STORED DATA

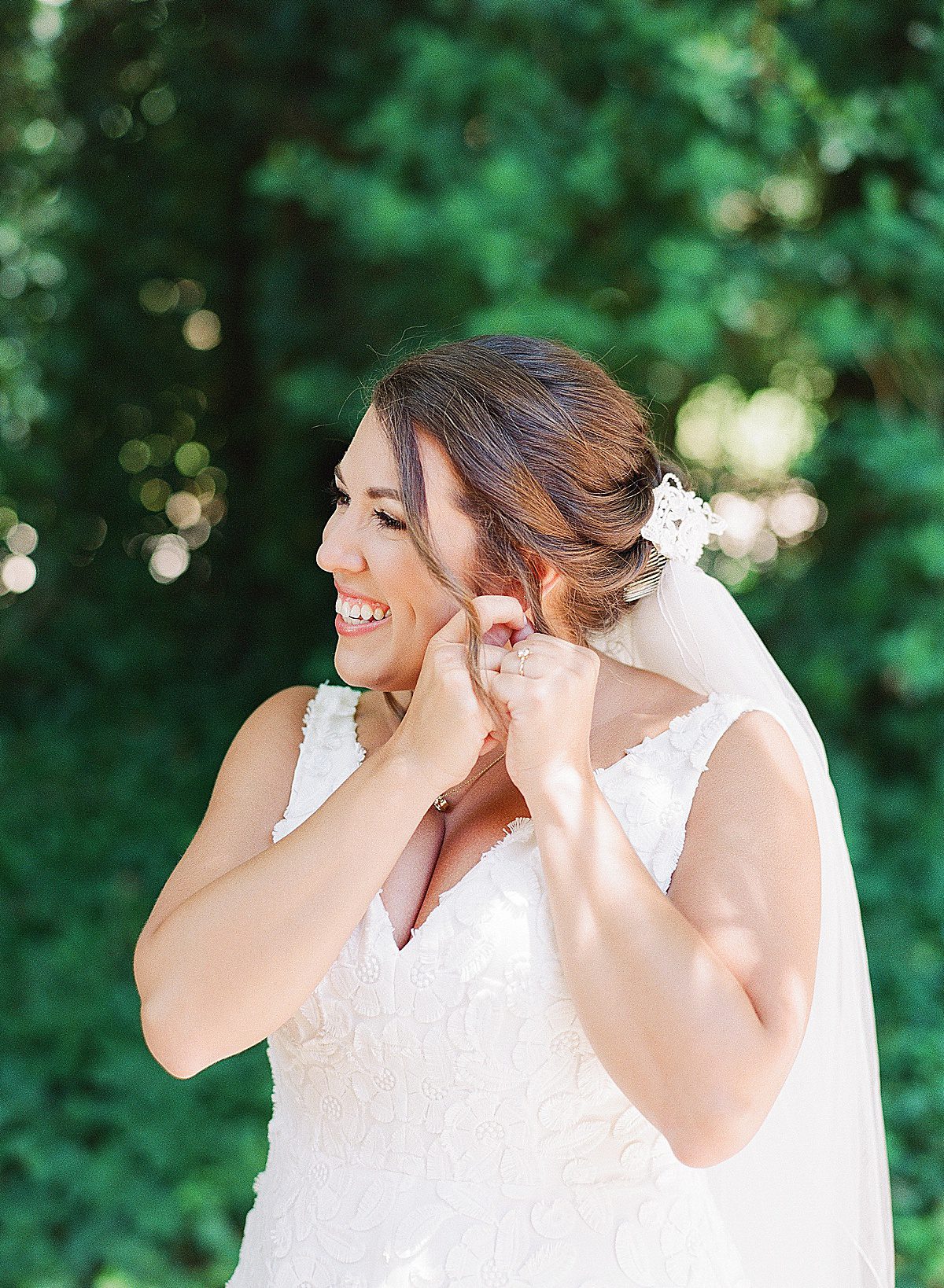 Bride Putting In Earrings Photo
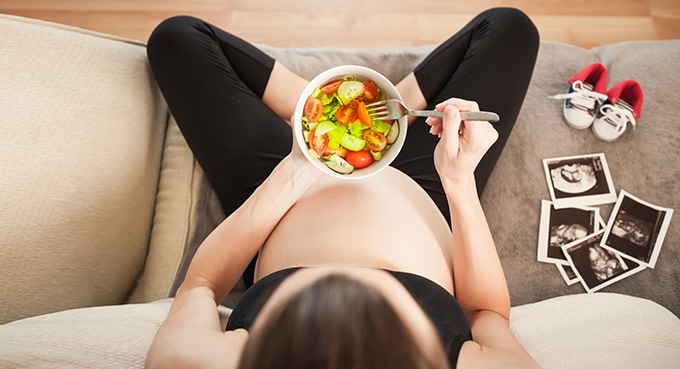 Pregnant woman eating healthy foods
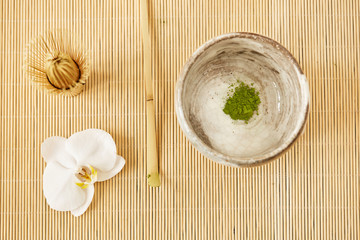 Organic green matcha tea in a bowl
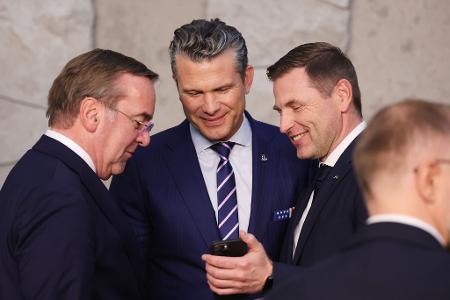Blick aufs Smartphone: Pistorius, Hegseth und Pevkur aufs Handy fokussiert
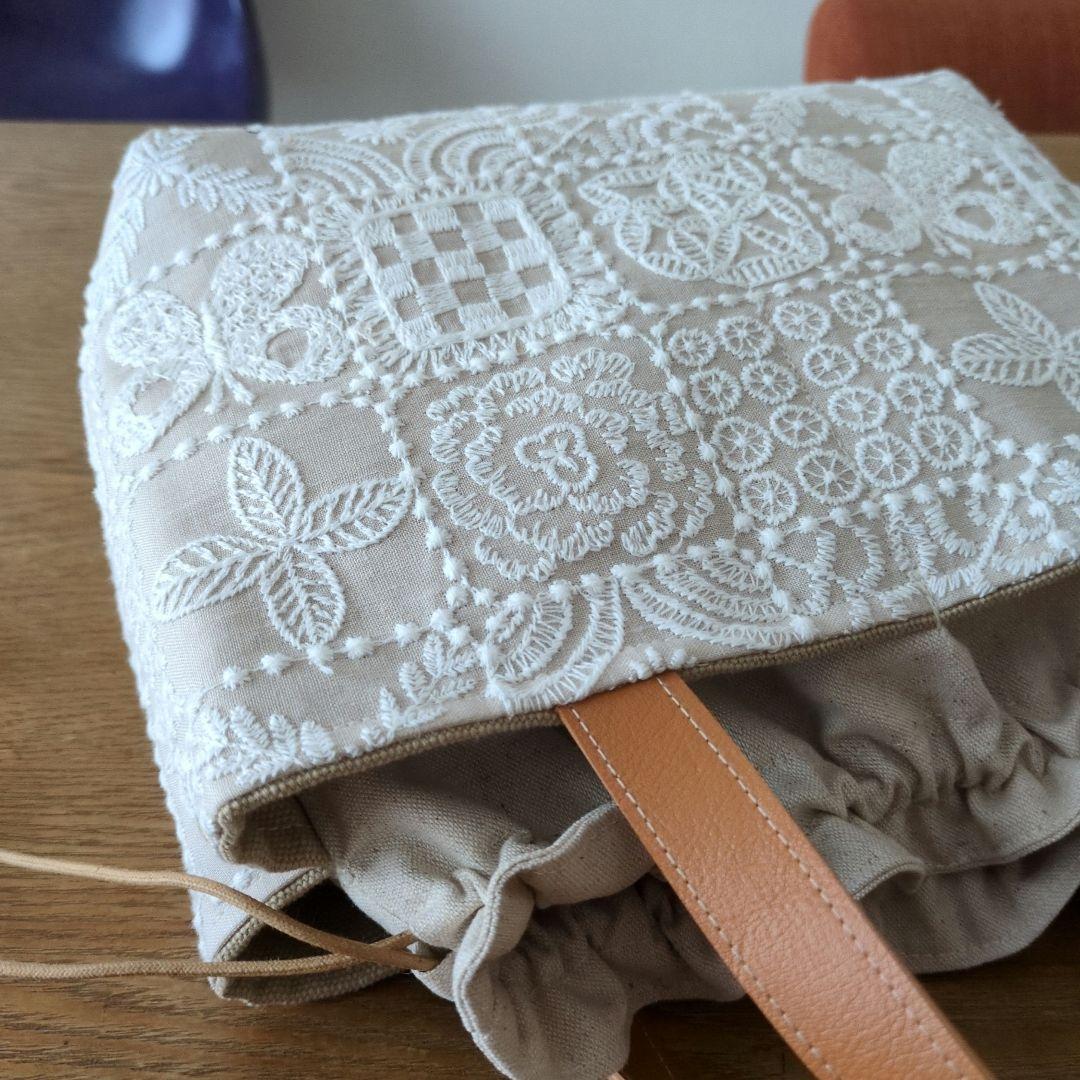 【1560】あおりポケットの巾着バッグ＊ミナペルホネン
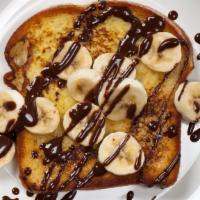 The Banana French Toasts · Three pieces of fluffy french toasts with fresh bananas, served with syrup.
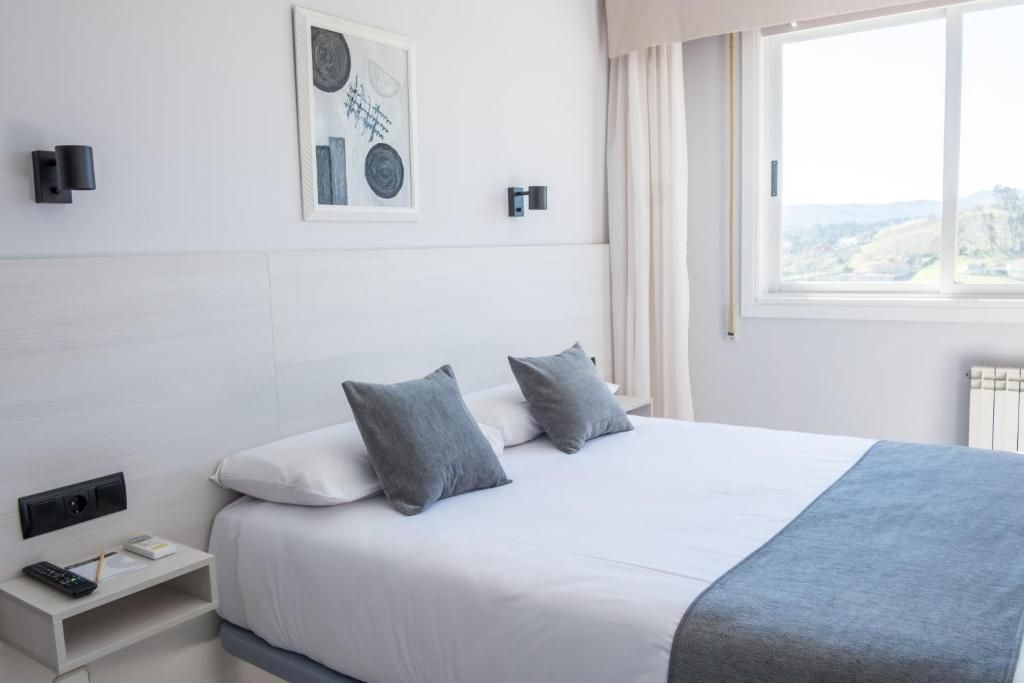 A modern hotel room with a large bed, a bedside table with a remote control, a framed artwork on the wall, and a window with a view.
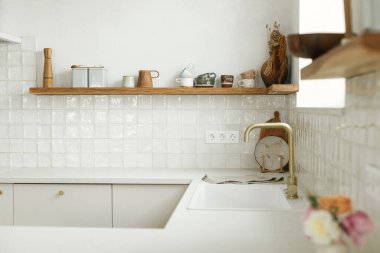 Modern mutfak tasarımı. Pirinç musluğu olan şık beyaz mutfak dolapları, granit tezgah ve yeni İskandinav evinde çatal bıçaklı ahşap raflar. Modern mutfak iç mimarisi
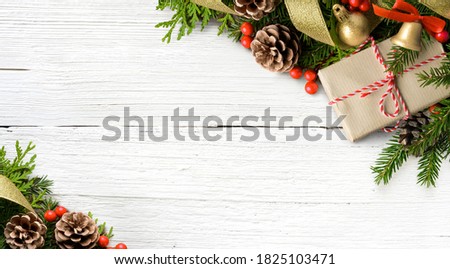 Christmas frame composition made of gift box, fir branches, cones on white wooden background. Flat lay, top view, copy space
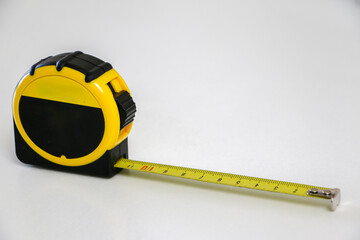 Black and yellow retractable tape measure against white background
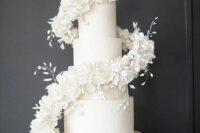 26 a white textural wedding cake with a swirl of white blooms and leaves is a very refined and chic idea for a modern formal wedding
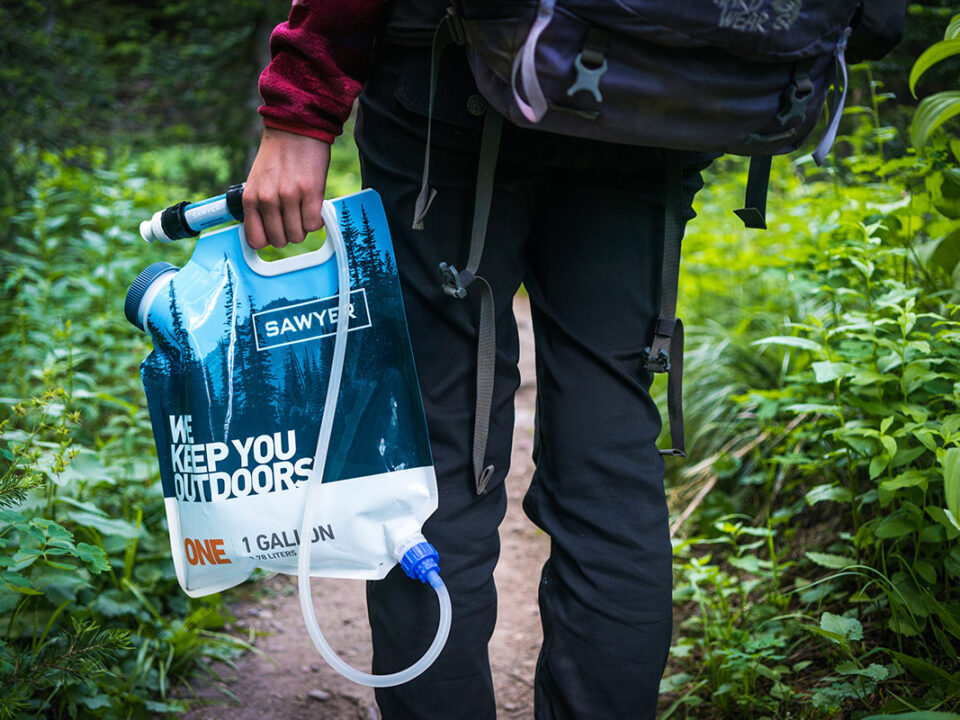 Person easily carrying a Sawyer water filter and bag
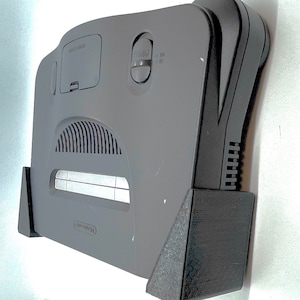 May include: A gray Nintendo 64 console with a black plastic base and a slot for game cartridges. The console has a vent on the top and a power button on the front.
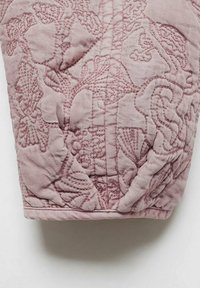 Tessuto trapuntato rosa con motivi floreali e fogliari. Texture liscia con cuciture in rilievo che creano un effetto tridimensionale.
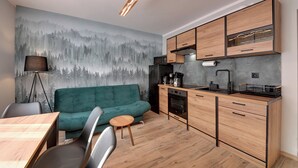 A modern kitchen with wooden cabinets, a built-in microwave, and a dining area with a green sofa and a small round table. - RentPlanet - Apartament Bronka Czecha (Swieradow-Zdroj)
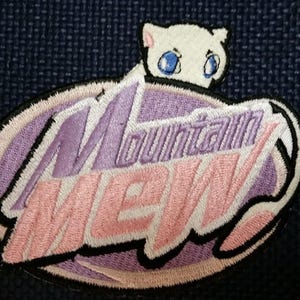May include: A purple and pink embroidered patch with the words "Mountain Dew" in a white outline. A white cartoon cat with blue eyes is peeking out from behind the text.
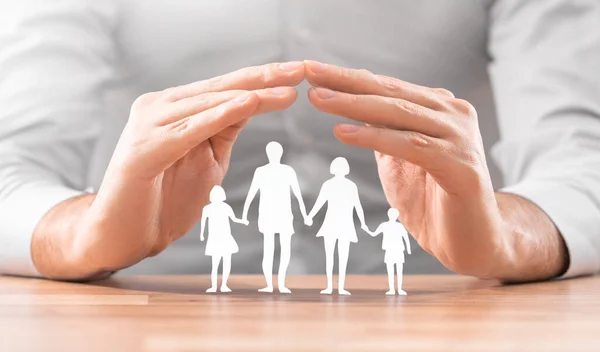 Hands Cut Out Paper Silhouette Table Family Care Concept Royalty Free Stock Images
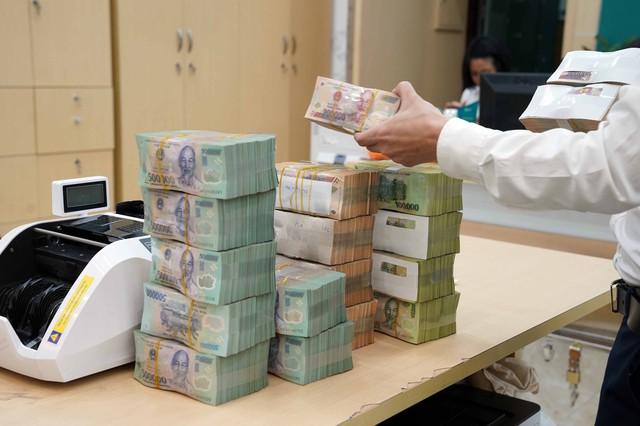Lãi suất tiền đồng liên ngân hàng tăng - Ảnh 1.
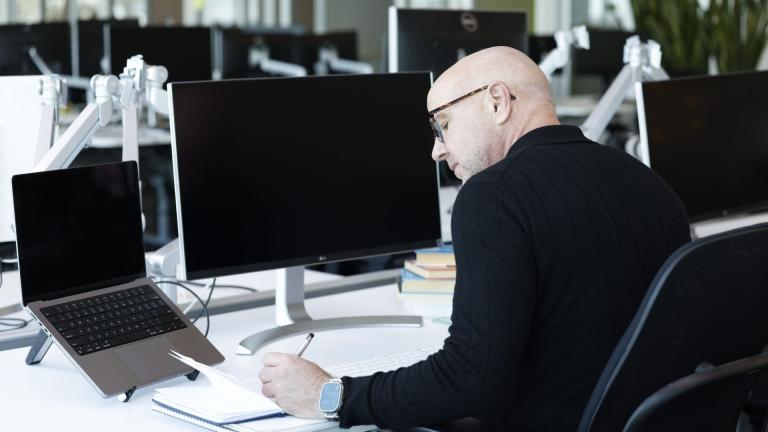 Bald man in a black sweater writing in a notebook while working at a desk with a laptop and multiple monitors in an open-concept office environment.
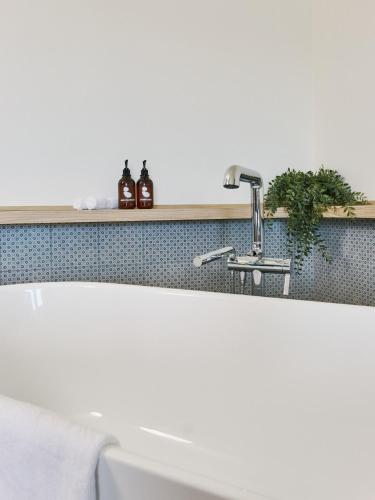 a bathroom sink with a faucet on a counter at BATTURES Hotel Fjord Saguenay in La Baie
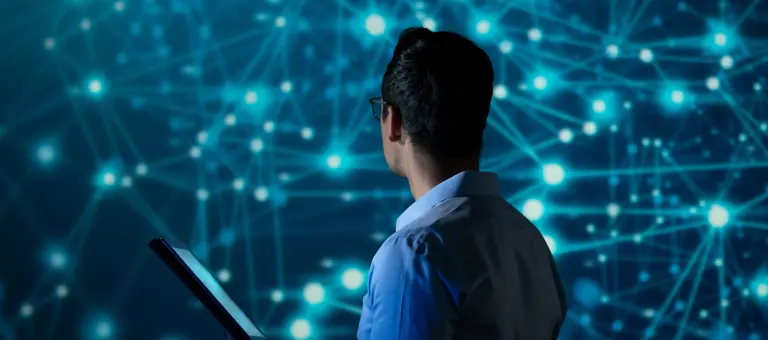 IT Specialist using tablet computer in front of big screen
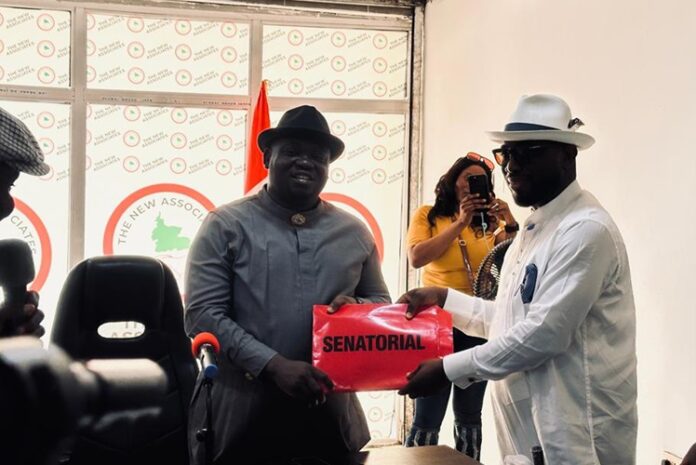 Richard Akinaka Submits PDP Nomination Form Two men in hats exchange a red pouch labeled 'Senatorial' at a formal political event, with a photographer in the background.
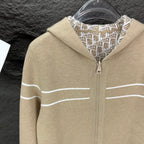 Beige zip hoodie close-up with hood, center zipper, and white stripe accents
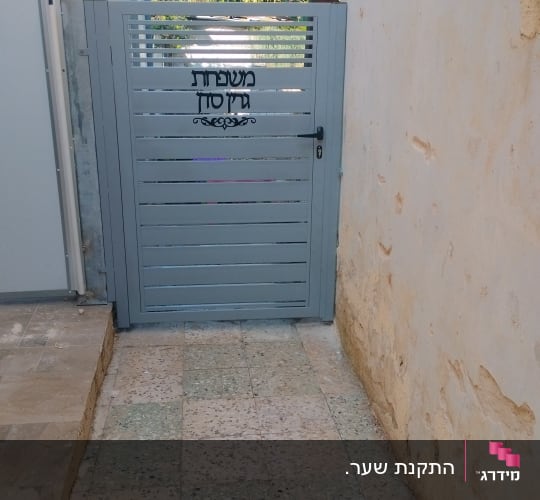 שער מתכת אפור עם כיתוב משפחת גזסן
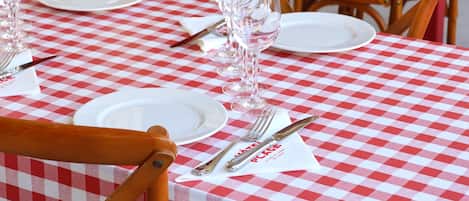 A row of tables with checkered tablecloths and wooden chairs, each set with plates, cutlery, and wine glasses.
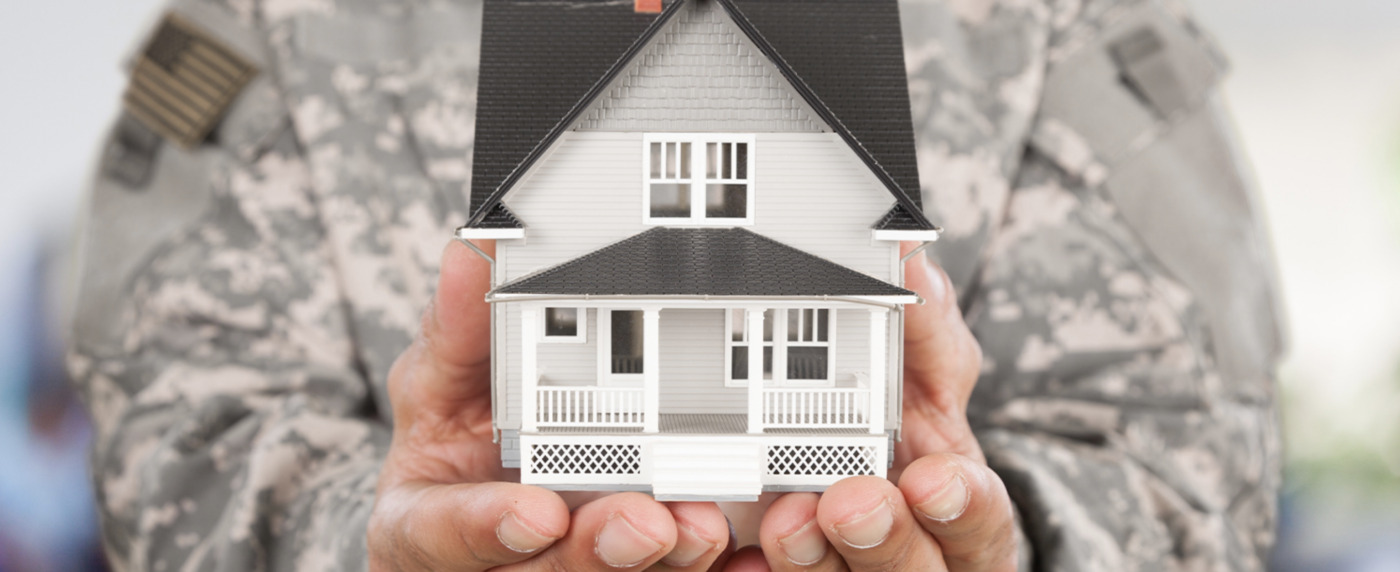 A person in military uniform holds a small model of a white house with a porch, symbolizing veterans paving the road home, facing the camera.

WORK REQUIRED
Print exactly the lines above that run from the one with "Blick aufs Smartphone: Pistorius, Hegseth" down to the one with "A modern hotel", and omit the pictures.

THE COMPLETED TASK
Blick aufs Smartphone: Pistorius, Hegseth und Pevkur aufs Handy fokussiert
 【1560】あおりポケットの巾着バッグ＊ミナペルホネン
 The Banana French Toasts · Three pieces of fluffy french toasts with fresh bananas, served with syrup.
 A modern hotel room with a large bed, a bedside table with a remote control, a framed artwork on the wall, and a window with a view.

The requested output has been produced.